Target-guided open-domain conversation aims to proactively and naturally guide a dialogue agent or human to achieve specific goals, topics or keywords during open-ended conversations. Existing methods mainly rely on single-turn datadriven learning and simple target-guided strategy without considering semantic or factual knowledge relations among candidate topics/keywords. This results in poor transition smoothness and low success rate. In this work, we adopt a structured approach that controls the intended content of system responses by introducing coarse-grained keywords, attains smooth conversation transition through turn-level supervised learning and knowledge relations between candidate keywords, and drives an conversation towards an specified target with discourse-level guiding strategy. Specially, we propose a novel dynamic knowledge routing network (DKRN) which considers semantic knowledge relations among candidate keywords for accurate next topic prediction of next discourse.
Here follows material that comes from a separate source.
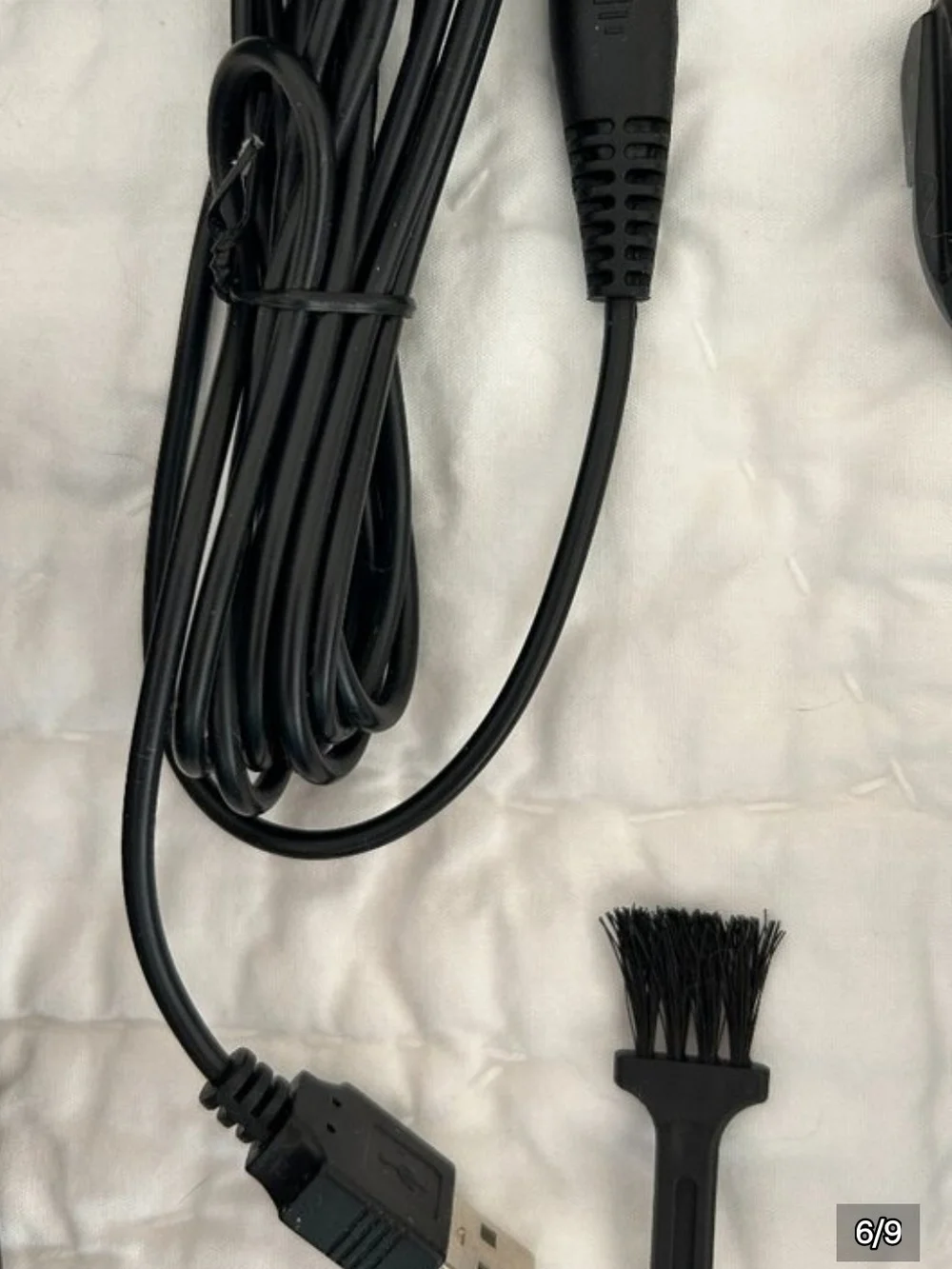 V-055 Professional Men's Hair Trimmer — Black with Teal Accents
With the help of more accurate keyword prediction, our keyword-augmented response retrieval module can achieve better retrieval performance and more meaningful conversations. Besides, we also propose a novel dual discourse-level target-guided strategy to guide conversations to reach their goals smoothly with higher success rate. Furthermore, to push the research boundary of target-guided open-domain conversation to match real-world scenarios better, we introduce a new large-scale Chinese target-guided open-domain conversation dataset (more than 900K conversations) crawled from Sina Weibo. Quantitative and human evaluations show our method can produce meaningful and effective target-guided conversations, significantly improving over other state-of-the-art methods by more than 20% in success rate and more than 0.6 in average smoothness score.